2.6 Pouch-cell microbattery assembly

A pouch-cell microbattery was assembled using spin-coated S/CNT/SP cathode and composite PEO/PVDF/LiTFSI/LLZO electrolyte. The assembly included a 1.5 × 1.5 cm electrode, a 1.3 × 1.3 cm nickel mesh, and rolled 1.3 × 1.3 cm Li foil (0.35 mm thick, from MTI Corp.), with designated contacts for each cell component. Notably, the electrolyte layer eliminated the need for a conventional separator. A minimal amount (15 μL) of 1 M LiTFSI DOL : DME (1 : 1) with 0.1% LiNO₃ liquid electrolyte was introduced to facilitate the sulfur–lithium electrochemical kinetics. The entire assembly process was performed in an Ar-filled glove box, followed by evacuation and sealing of the pouch-type microbattery.

3. Results and discussion

As it was reported before,¹¹ the PEO matrix facilitates primary Li⁺ transport through segmental motion, while the LLZO particles provide secondary conduction pathways via their bulk and grain boundaries. Additionally, the interfaces between the polymer matrix and LLZO act as high-conductivity regions for Li⁺ hopping. Although PVDF mainly contributes to mechanical stability, its integration with PEO ensures the structural integrity of the composite without significantly hindering ion mobility, as illustrated in Fig. 2a. This multi-pathway Li⁺ transport mechanism, enabled by the optimized preparation process, results in a composite electrolyte with high ionic conductivity and robust electrochemical performance.

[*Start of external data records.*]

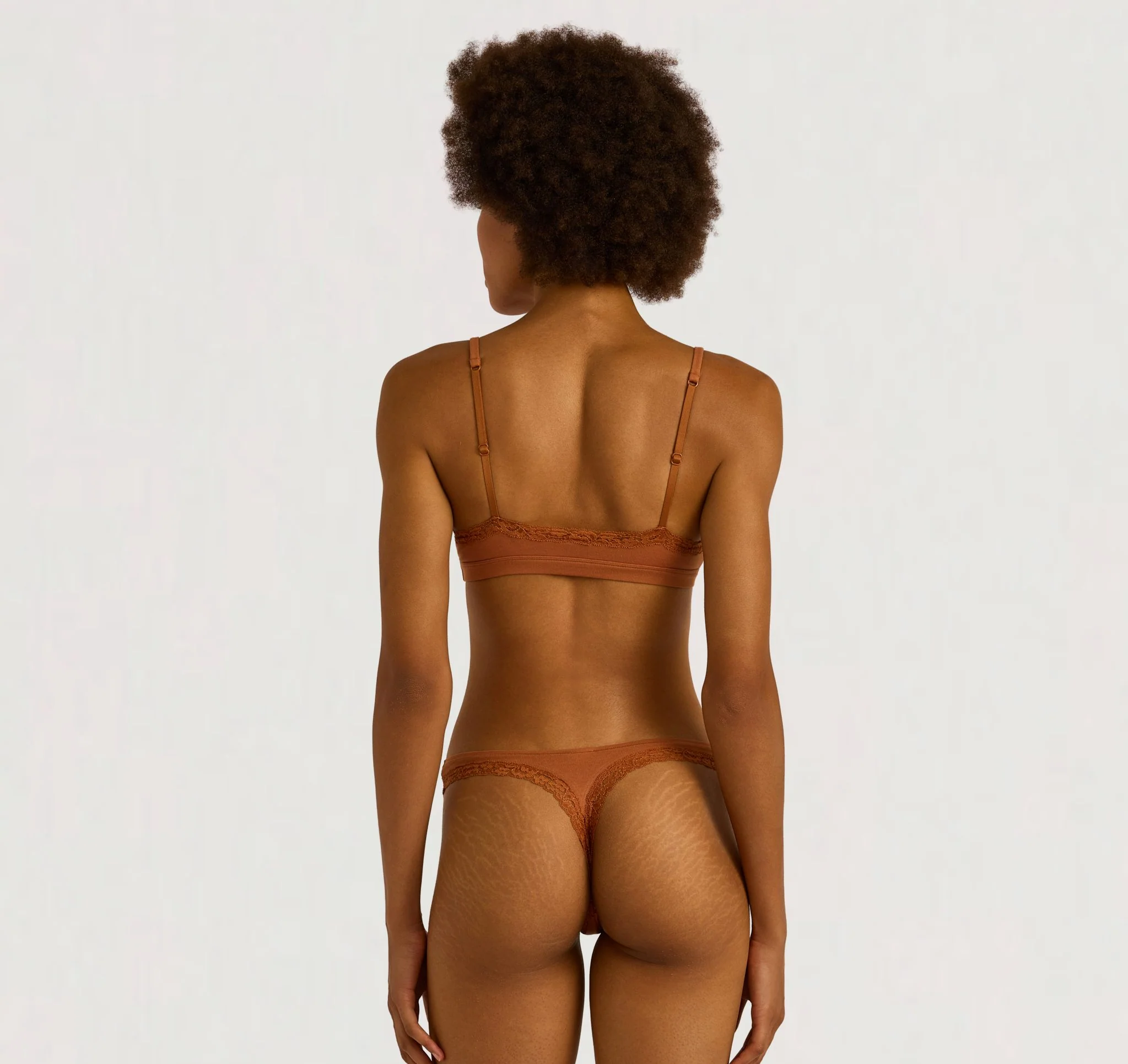 Flex Lace Thong - Image 3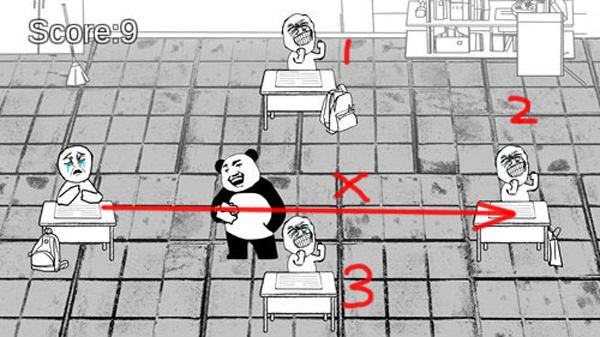 考试大作战高分技巧攻略图片3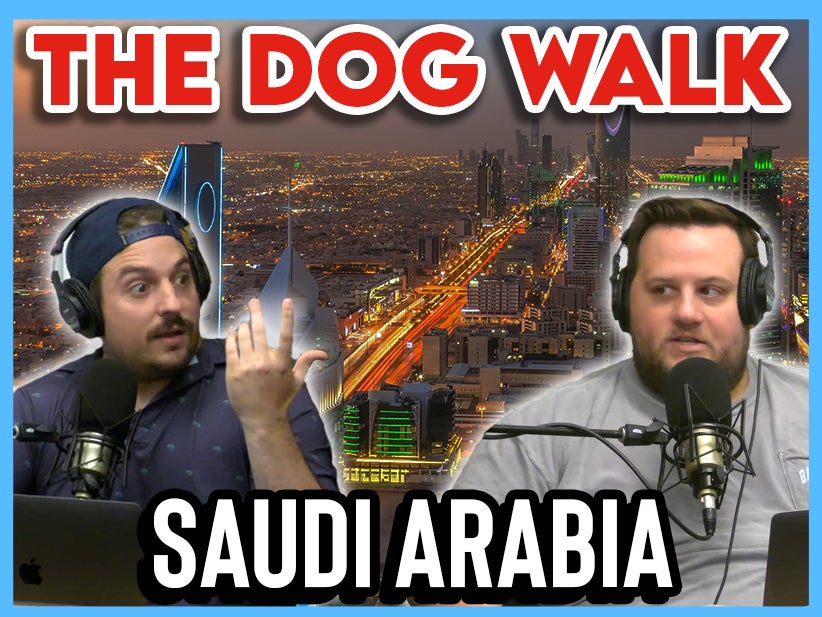 The Secrets of the Saudi Royal Family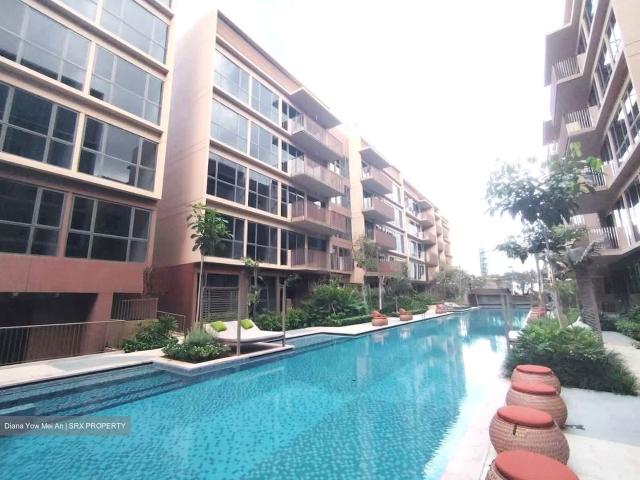 Apartment for rent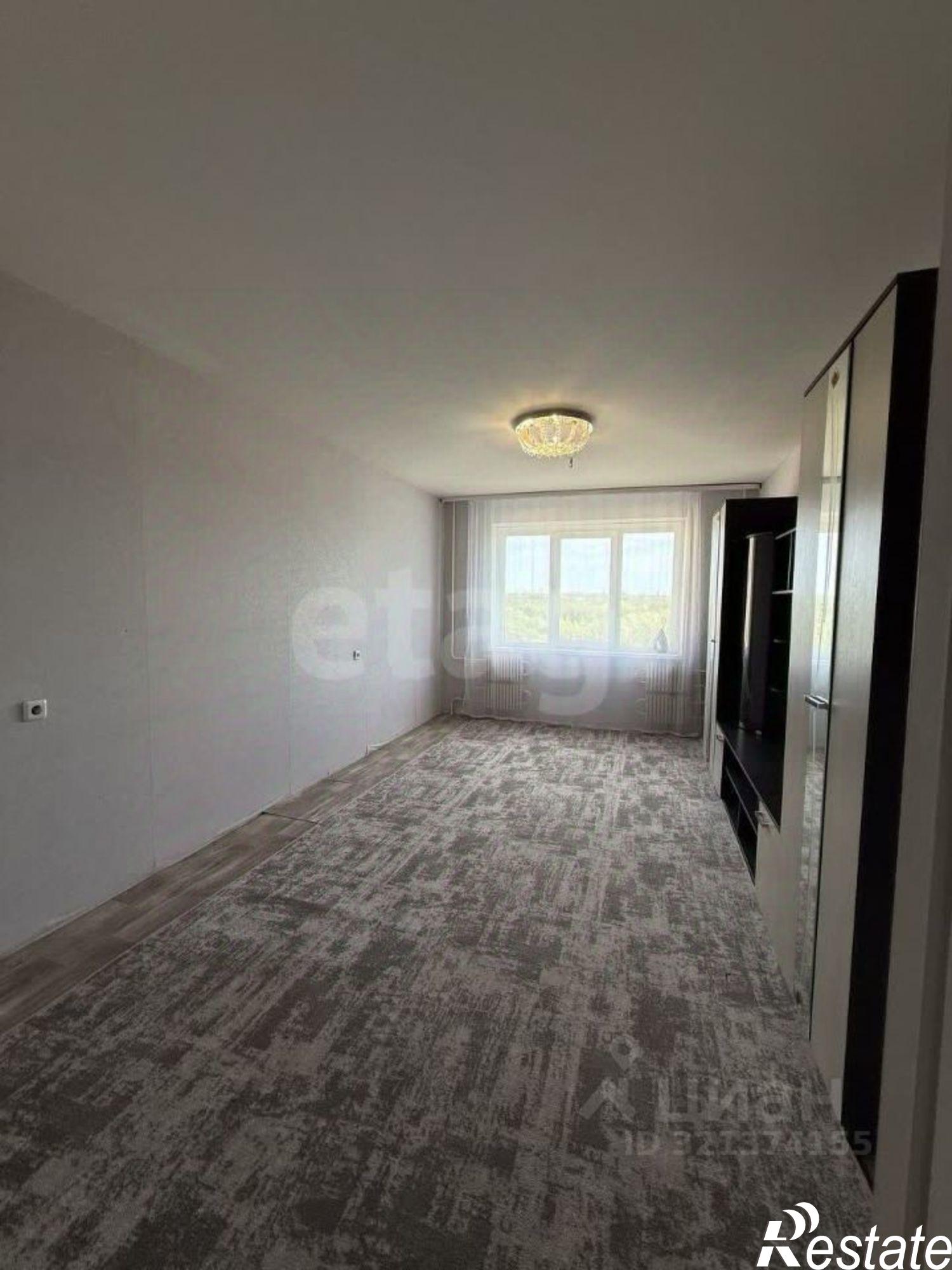 Купить квартиру за 5 450 000 рублей на улица Курчатова, 36А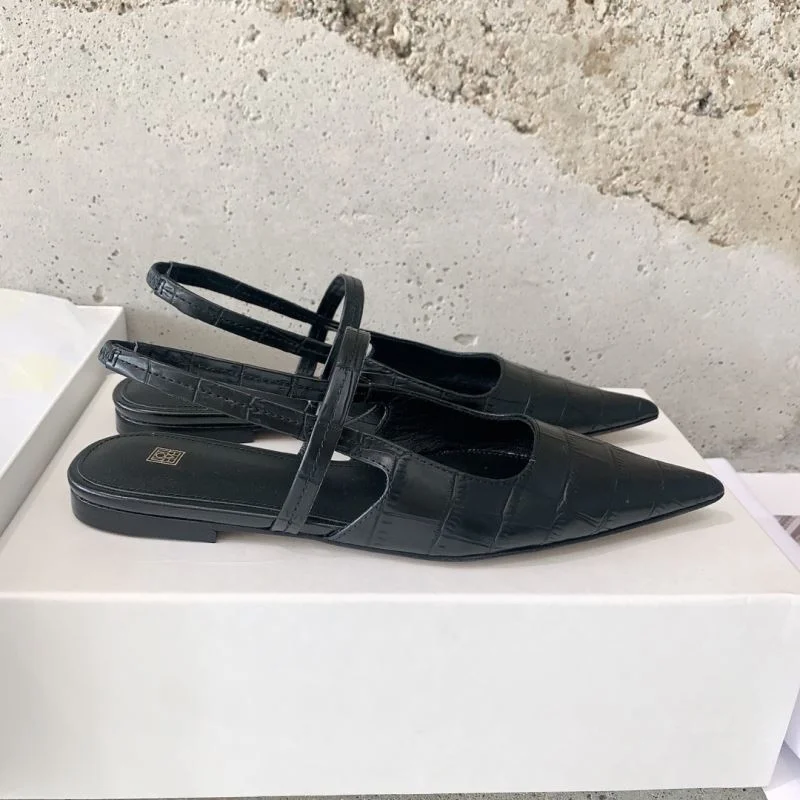 Casual Toteme Sandals 11138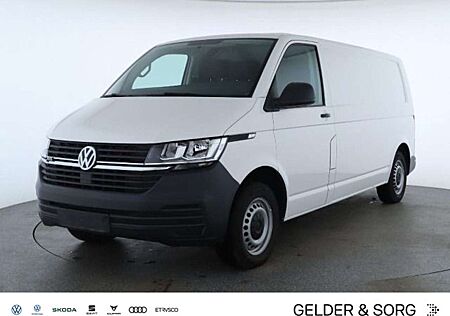 VW T6 Transporter Volkswagen T6.1 Transporter ABTe LR*Klima*3Sitze*Schiebetür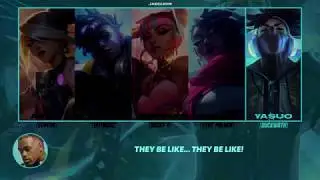 True Damage  LEAGUE OF LEGENDS SONG + Lyrics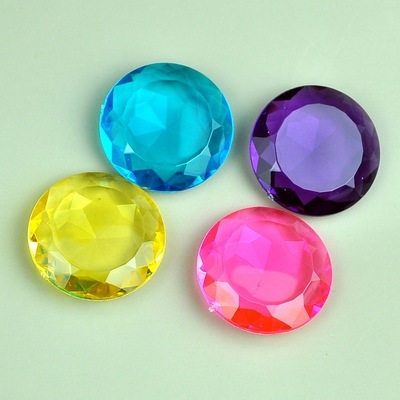 樹脂鉆-樹脂鉆 AB彩采購平臺求購產品詳情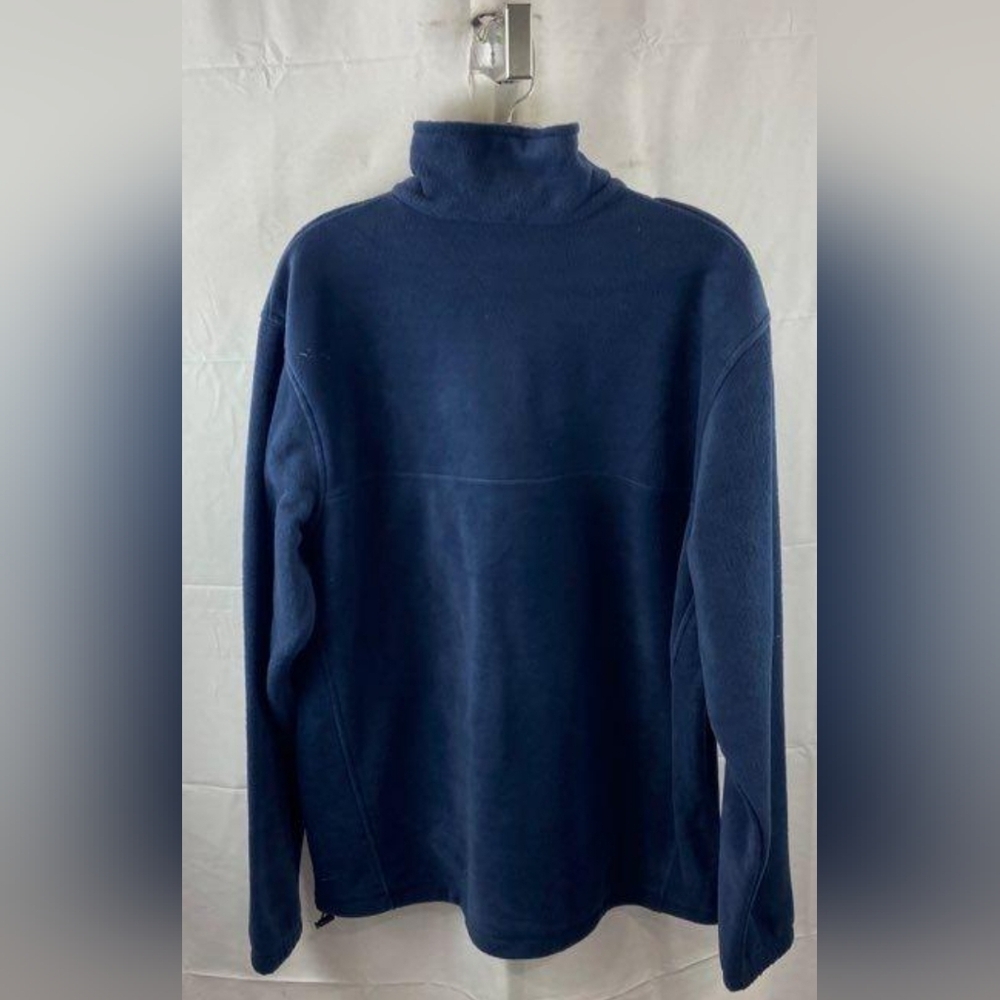 Columbia Men's Steens Mountain 2.0 Full Zip Fleece Jacket Size L NWTMSRP $65 - Picture 5 of 9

Fig. 2 (a) Schematic ion transport pathways diagram within composite electrolyte; (b) EIS results for spin-coated composite thin-film electrolytes PEO/PVDF/LiTFSI/LLZO at room temperature; (c) ionic conductivity dependence of composite thin-film solid electrolyte on LLZO concentration in polymer matrix.

Building on this, the incorporation of LLZO solid electrolyte plays a crucial role in further enhancing the ionic conductivity of the composite electrolyte.^32–37 By careful adjusting the LLZO concentration, it is possible to tailor the ionic transport properties and strike the balance between conductivity and mechanical strength of the electrolyte. The presence of LLZO not only provides additional percolation pathways for lithium-ion movement but also helps to suppress the polymer crystallinity, thereby increasing segmental motion of the PEO chains for better Li-ion mobility.³⁴

To evaluate the influence of LLZO content on ionic conductivity, a series of composite electrolytes with the LLZO concentration ranging from 0 to 25% were prepared and investigated using electrochemical impedance spectroscopy. As shown in Fig. 2b, the Nyquist impedance plots reveal a clear trend for the studied systems. The results indicate that increasing the LLZO content up to an optimal level significantly reduces the cell impedance, confirming the contribution of LLZO to enhanced Li⁺ conduction. However, beyond certain concentrations, excessive LLZO loading may lead to particle agglomeration and disruption of the polymer matrix continuity, which negatively impact the overall ionic mobility. This highlights the importance of compositional tuning in achieving high-performance solid-state electrolytes.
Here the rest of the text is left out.